EURO 2025 Leeds
Abstract Submission

1155. Reinforcement Learning Methods for Risk-Sensitive Investment Management

Invited abstract in session MB-31: Machine Learning for Optimization under uncertainty 1, stream Stochastic and Robust optimization.

Monday, 10:30-12:00
Room: Maurice Keyworth 1.06

Authors (first author is the speaker)

1. Sebastien Lleo
Finance Department, NEOMA Business School
2. Wolfgang Runggaldier
Mathematics, University of Padova

Abstract

We investigate the benefits of relating reinforcement learning (RL) with risk-sensitive control. Our starting point is the duality between free energy and relative entropy, which establishes an equivalence between risk-sensitive control and standard stochastic control problems with an entropy regularization term; see, e.g., Dai Pra et al. (1996). A major advantage of this approach is that it rewrites the initial linear-exponential-of-quadratic-Gaussian problem as an equivalent (penalized) linear-quadratic-Gaussian problem.
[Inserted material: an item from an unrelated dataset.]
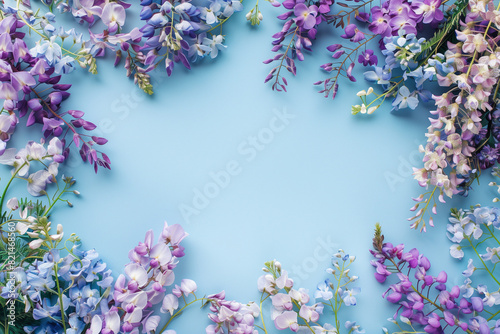 cornice di fiori di glicine su sfondo azzurro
In so doing, it does not require a preliminary change of measure as is being done in the seminal work of Kuroda & Nagai (2002). Adapting the policy gradient method proposed by Jia
& Zhou (2022b), we examine four distinct cases, categorized by the level of parameter knowledge (known or unknown) and state process observability (observable or not). Cases with known parameters connect directly to the existing literature on risk-sensitive investment management (Kuroda & Nagai, 2002; Davis & Lleo, 2008, 2020, 2021b) and can be solved analytically. Cases with unknown parameters showcase the advantages of reinforcement learning methods.